Which lines of the entries below run from the one holding "1HFSC47471A000756 - 2001" to the one holding "Pink and Black", inclusive? Set down exactly those lines and no others.
== RECORDS PROVIDED
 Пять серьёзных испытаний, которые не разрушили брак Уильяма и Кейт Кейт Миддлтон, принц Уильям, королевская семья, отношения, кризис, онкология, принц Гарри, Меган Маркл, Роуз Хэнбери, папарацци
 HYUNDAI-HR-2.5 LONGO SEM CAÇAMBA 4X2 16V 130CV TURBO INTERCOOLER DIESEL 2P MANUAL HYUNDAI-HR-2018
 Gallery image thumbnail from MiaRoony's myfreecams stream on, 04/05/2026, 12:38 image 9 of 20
====
== RECORDS PROVIDED
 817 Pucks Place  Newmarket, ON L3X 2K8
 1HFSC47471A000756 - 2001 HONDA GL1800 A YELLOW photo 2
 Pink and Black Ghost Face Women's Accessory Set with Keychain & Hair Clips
====
== RECORDS PROVIDED
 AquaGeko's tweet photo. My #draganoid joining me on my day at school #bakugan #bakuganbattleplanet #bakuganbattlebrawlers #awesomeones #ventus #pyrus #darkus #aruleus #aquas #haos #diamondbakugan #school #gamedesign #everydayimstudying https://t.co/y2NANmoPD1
====
RESPONSE TO THE EXERCISE =
 1HFSC47471A000756 - 2001 HONDA GL1800 A YELLOW photo 2
 Pink and Black Ghost Face Women's Accessory Set with Keychain & Hair Clips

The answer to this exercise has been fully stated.